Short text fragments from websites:
***

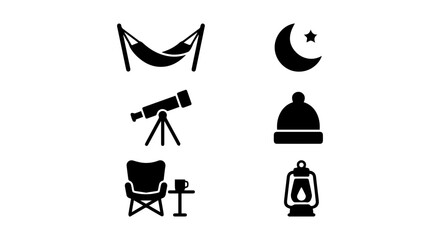 Ramadan icon set, silhouette style, white background © Arju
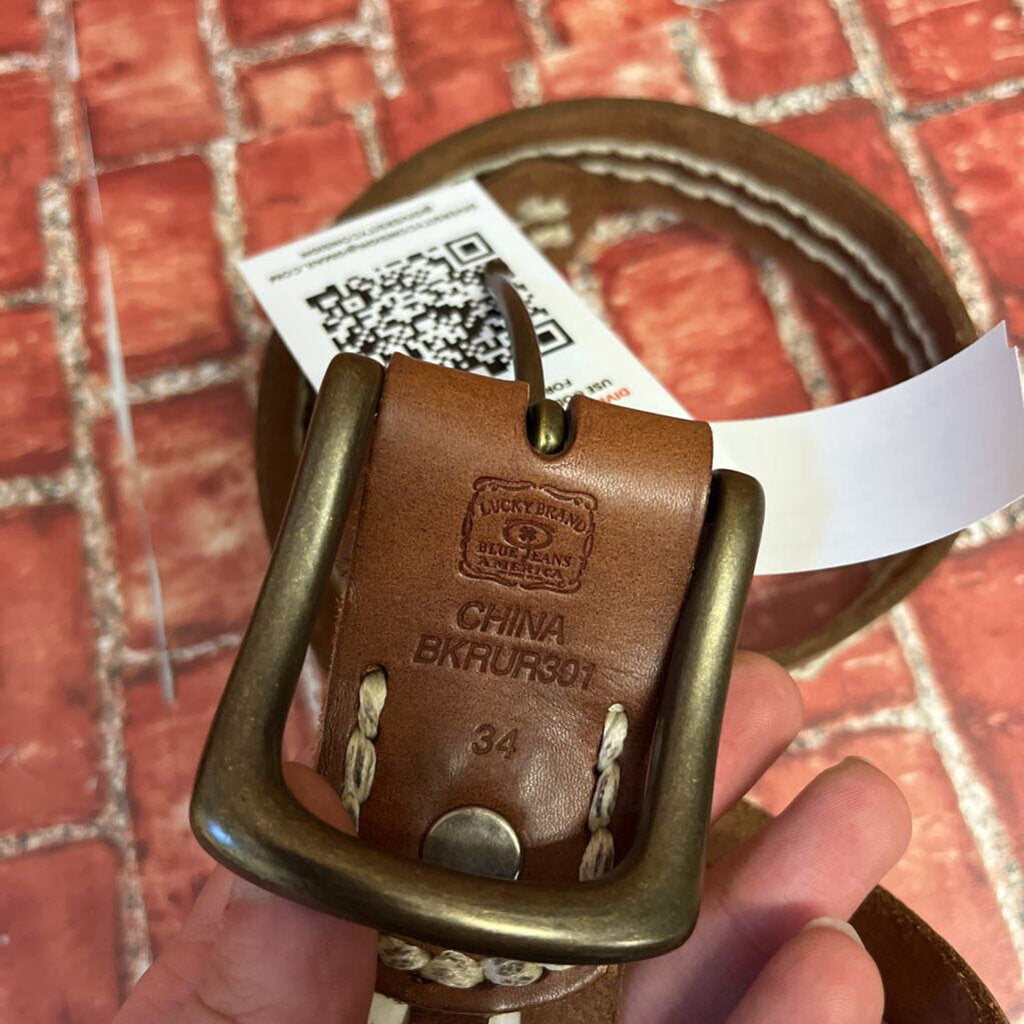 Lucky Brand Brown Leather Belt Size 34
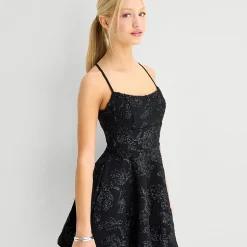 Emerald Sundae Womens Juniors Straight Neck Sleeveless Floral Fit + Flare Dress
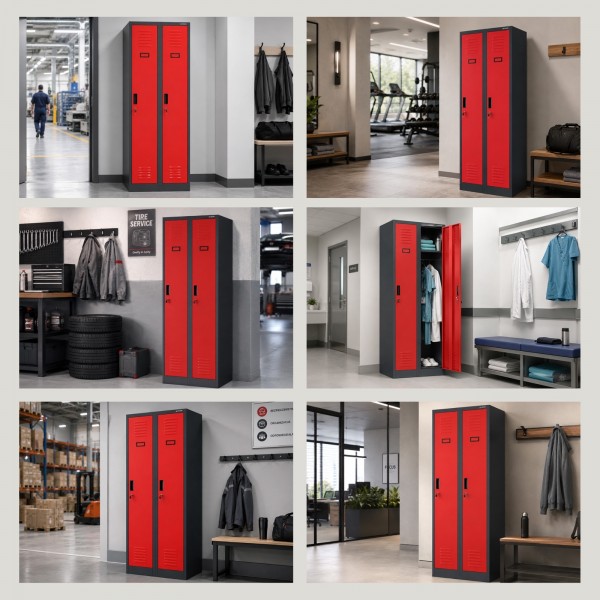 Dwudrzwiowa szafa BHP wąska 60x50x180 cm Kacper 2, antracyt/czerwony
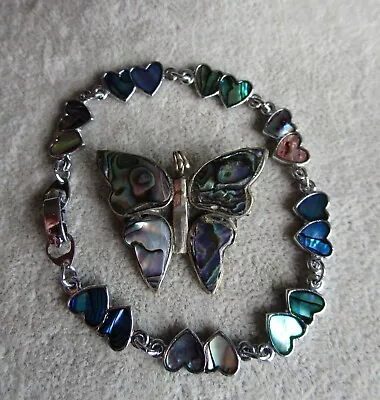 Vintage Alpaca Silver Mexico Abalone Inlay Butterfly Brooch Pin And 7  Bracelet • $2.99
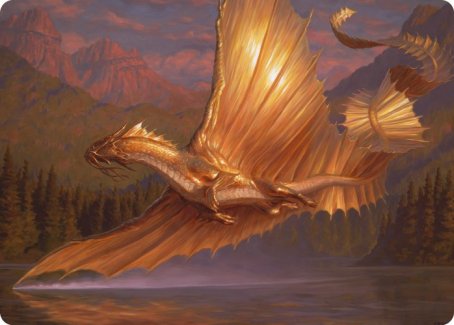 Adult Gold Dragon Art Card [Dungeons & Dragons: Adventures in the Forgotten Realms Art Series] | D20 Games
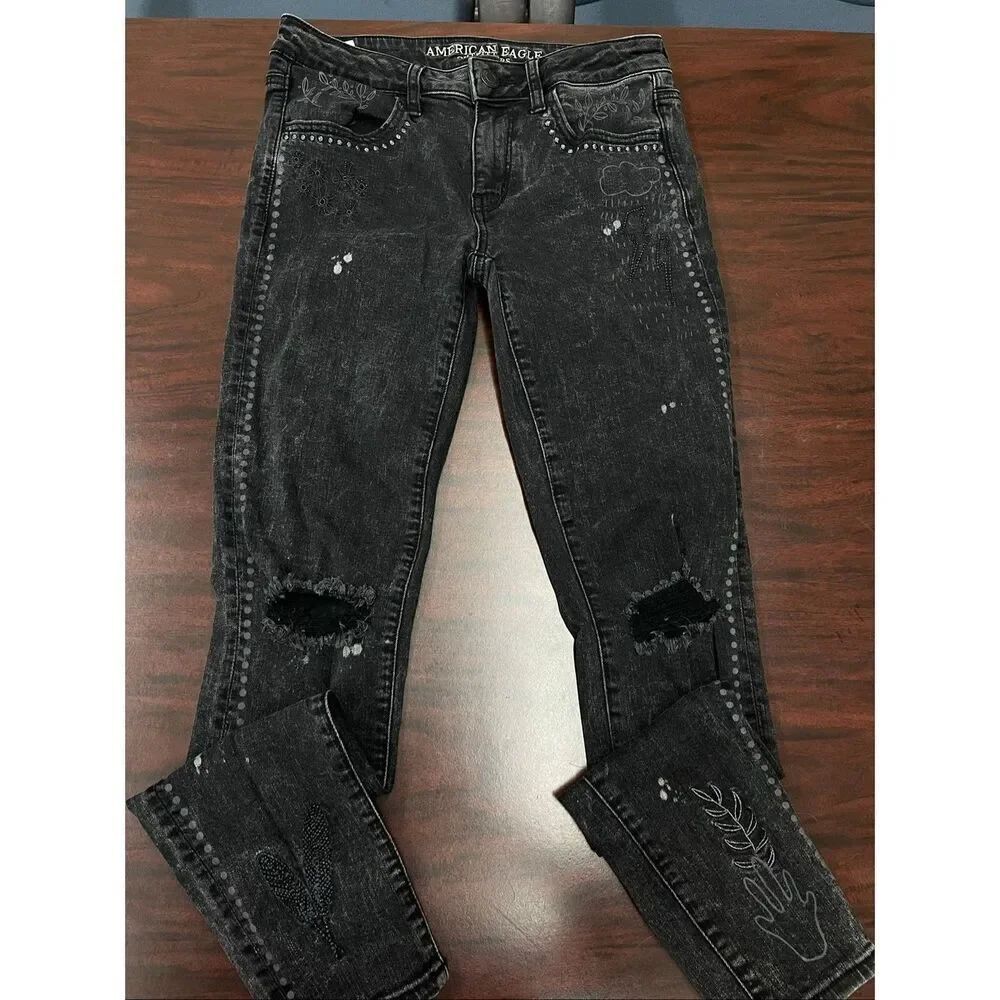 American Eagle Super Stretch X Black Printed Jegging Jeans Size 6 Long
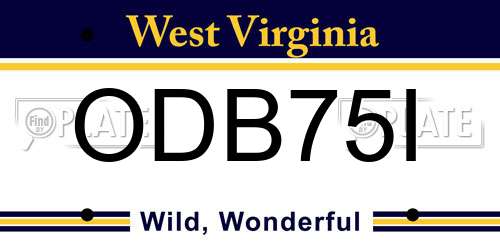 ODB75I West Virginia License Plate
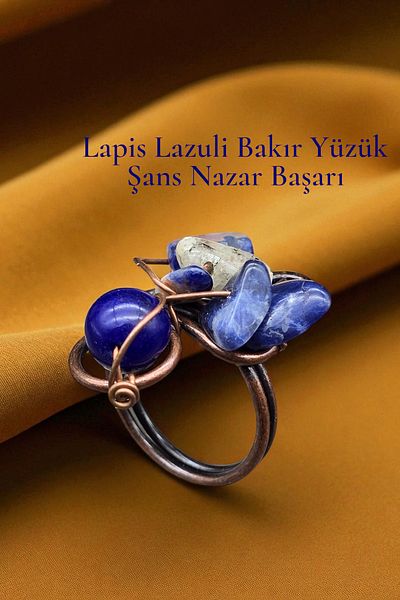 NBS Beautiful Naturel Stones Ring Lapis Lazuli Pure Copper Adjustable Hand Craftsmanship (Positivity, Evil Eye, Protection)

***

- [Work request]: Please output every entry above exactly, without the pictures.

- [Result of the exercise]:
 Ramadan icon set, silhouette style, white background © Arju
 Lucky Brand Brown Leather Belt Size 34
 Emerald Sundae Womens Juniors Straight Neck Sleeveless Floral Fit + Flare Dress
 Dwudrzwiowa szafa BHP wąska 60x50x180 cm Kacper 2, antracyt/czerwony
 Vintage Alpaca Silver Mexico Abalone Inlay Butterfly Brooch Pin And 7  Bracelet • $2.99
 Adult Gold Dragon Art Card [Dungeons & Dragons: Adventures in the Forgotten Realms Art Series] | D20 Games
 American Eagle Super Stretch X Black Printed Jegging Jeans Size 6 Long
 ODB75I West Virginia License Plate
 NBS Beautiful Naturel Stones Ring Lapis Lazuli Pure Copper Adjustable Hand Craftsmanship (Positivity, Evil Eye, Protection)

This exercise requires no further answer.